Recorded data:

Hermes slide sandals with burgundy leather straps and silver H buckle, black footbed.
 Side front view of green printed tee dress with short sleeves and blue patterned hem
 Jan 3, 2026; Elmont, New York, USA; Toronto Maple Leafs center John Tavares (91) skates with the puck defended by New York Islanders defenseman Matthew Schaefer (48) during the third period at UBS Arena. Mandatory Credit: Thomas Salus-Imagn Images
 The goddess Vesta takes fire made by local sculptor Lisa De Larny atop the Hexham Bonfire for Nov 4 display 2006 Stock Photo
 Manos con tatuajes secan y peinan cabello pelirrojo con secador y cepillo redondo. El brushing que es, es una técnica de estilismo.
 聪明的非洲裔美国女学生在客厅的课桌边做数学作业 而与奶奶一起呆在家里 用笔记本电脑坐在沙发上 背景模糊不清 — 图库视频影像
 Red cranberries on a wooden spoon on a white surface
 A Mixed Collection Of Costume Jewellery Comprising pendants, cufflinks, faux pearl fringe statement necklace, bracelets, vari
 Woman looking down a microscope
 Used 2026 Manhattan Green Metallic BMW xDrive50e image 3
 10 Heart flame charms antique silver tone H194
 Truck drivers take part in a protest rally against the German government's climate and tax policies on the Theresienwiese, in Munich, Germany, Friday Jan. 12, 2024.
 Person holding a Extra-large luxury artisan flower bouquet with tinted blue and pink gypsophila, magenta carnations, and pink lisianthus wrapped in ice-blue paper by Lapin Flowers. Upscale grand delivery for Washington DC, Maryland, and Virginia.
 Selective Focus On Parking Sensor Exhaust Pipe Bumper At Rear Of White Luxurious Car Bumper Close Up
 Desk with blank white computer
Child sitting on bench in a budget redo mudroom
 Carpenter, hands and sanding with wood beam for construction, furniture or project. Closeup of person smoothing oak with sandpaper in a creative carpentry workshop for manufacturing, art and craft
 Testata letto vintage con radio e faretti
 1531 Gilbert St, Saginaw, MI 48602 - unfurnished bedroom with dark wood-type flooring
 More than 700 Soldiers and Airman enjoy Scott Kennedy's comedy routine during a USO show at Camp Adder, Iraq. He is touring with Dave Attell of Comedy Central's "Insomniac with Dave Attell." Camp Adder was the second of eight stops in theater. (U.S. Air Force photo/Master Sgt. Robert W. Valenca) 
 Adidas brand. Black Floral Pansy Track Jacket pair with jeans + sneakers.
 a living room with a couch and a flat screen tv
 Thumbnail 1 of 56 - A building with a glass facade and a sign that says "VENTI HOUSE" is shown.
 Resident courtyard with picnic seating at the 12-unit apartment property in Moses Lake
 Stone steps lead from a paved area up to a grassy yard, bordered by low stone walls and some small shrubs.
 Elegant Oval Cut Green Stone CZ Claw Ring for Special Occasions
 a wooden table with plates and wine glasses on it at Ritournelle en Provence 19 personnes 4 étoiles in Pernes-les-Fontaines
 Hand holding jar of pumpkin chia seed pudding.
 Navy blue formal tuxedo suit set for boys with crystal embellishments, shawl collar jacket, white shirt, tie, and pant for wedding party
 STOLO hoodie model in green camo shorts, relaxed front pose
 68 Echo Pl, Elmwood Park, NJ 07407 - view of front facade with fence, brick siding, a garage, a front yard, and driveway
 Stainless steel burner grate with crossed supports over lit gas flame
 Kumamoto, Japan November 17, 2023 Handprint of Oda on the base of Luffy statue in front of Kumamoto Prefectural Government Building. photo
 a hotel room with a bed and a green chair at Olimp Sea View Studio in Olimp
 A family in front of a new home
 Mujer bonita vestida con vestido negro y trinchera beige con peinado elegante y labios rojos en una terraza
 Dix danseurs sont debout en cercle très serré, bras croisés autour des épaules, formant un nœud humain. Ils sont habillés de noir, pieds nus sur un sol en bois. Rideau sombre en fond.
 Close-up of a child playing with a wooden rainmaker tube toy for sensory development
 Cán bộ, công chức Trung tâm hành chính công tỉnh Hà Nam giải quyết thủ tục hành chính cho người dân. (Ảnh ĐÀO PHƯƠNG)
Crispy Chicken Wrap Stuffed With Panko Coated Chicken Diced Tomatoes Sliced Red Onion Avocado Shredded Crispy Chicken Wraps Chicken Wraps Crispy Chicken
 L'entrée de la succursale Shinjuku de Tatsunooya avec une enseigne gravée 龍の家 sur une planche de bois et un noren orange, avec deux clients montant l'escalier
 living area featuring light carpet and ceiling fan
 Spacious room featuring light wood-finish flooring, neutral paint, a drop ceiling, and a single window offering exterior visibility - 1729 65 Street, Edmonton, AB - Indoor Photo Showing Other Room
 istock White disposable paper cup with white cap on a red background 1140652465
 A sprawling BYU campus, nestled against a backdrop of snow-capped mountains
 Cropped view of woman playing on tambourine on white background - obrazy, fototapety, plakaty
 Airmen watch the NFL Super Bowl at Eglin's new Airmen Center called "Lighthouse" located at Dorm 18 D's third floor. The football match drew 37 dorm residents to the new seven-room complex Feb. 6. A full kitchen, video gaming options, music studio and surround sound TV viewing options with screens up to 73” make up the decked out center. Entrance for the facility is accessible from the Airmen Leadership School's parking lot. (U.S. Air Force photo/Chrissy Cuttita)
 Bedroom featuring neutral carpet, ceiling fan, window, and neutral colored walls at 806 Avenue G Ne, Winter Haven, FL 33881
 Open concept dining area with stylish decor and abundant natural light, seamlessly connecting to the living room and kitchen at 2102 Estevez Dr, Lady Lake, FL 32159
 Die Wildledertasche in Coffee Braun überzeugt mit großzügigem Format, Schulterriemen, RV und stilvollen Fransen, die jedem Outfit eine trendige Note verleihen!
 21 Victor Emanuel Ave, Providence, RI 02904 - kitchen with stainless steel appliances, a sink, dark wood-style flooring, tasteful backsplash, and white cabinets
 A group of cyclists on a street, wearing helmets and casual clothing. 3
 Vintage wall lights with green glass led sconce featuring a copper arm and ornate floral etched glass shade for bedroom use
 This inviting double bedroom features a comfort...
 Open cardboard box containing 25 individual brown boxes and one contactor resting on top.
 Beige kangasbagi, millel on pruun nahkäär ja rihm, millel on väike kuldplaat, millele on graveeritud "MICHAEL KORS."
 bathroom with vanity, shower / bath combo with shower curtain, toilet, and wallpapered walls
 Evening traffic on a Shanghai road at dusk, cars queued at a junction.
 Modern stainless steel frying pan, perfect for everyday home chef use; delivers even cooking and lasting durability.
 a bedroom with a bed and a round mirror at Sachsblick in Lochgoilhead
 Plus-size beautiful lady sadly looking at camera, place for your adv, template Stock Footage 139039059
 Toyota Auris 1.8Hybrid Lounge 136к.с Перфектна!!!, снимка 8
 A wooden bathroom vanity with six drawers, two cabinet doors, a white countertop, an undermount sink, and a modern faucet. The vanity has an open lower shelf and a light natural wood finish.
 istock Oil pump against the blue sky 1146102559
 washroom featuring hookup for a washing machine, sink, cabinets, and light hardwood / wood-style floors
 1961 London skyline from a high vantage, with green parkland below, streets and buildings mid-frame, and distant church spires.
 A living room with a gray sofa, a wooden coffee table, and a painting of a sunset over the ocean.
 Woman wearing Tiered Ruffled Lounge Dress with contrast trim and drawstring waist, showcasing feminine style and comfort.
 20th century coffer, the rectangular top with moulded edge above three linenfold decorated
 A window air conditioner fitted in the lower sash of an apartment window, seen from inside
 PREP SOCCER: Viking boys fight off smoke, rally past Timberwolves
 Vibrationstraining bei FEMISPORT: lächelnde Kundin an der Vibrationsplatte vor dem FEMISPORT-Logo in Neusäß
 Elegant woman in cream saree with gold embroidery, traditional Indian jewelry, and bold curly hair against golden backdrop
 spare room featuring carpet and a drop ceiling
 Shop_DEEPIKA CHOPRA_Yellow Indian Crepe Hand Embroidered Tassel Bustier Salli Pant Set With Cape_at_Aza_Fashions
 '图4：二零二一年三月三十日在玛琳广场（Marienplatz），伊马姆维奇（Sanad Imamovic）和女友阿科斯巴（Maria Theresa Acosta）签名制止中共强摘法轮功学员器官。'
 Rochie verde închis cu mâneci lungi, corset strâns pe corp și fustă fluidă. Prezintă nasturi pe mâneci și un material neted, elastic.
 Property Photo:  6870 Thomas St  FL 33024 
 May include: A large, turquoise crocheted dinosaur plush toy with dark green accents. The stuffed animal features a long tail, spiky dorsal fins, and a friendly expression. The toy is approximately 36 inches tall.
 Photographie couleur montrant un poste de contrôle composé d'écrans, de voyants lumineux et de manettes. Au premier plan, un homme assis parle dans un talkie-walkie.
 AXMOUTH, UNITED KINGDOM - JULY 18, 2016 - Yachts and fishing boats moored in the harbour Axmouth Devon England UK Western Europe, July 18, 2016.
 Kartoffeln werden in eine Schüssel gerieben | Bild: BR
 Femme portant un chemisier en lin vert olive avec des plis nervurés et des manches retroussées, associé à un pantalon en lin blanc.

ABOUT THIS EXERCISE:
Pull out the lines above in which the word "area" appears.

TASK OUTPUT:
 Stone steps lead from a paved area up to a grassy yard, bordered by low stone walls and some small shrubs.
 living area featuring light carpet and ceiling fan
 Open concept dining area with stylish decor and abundant natural light, seamlessly connecting to the living room and kitchen at 2102 Estevez Dr, Lady Lake, FL 32159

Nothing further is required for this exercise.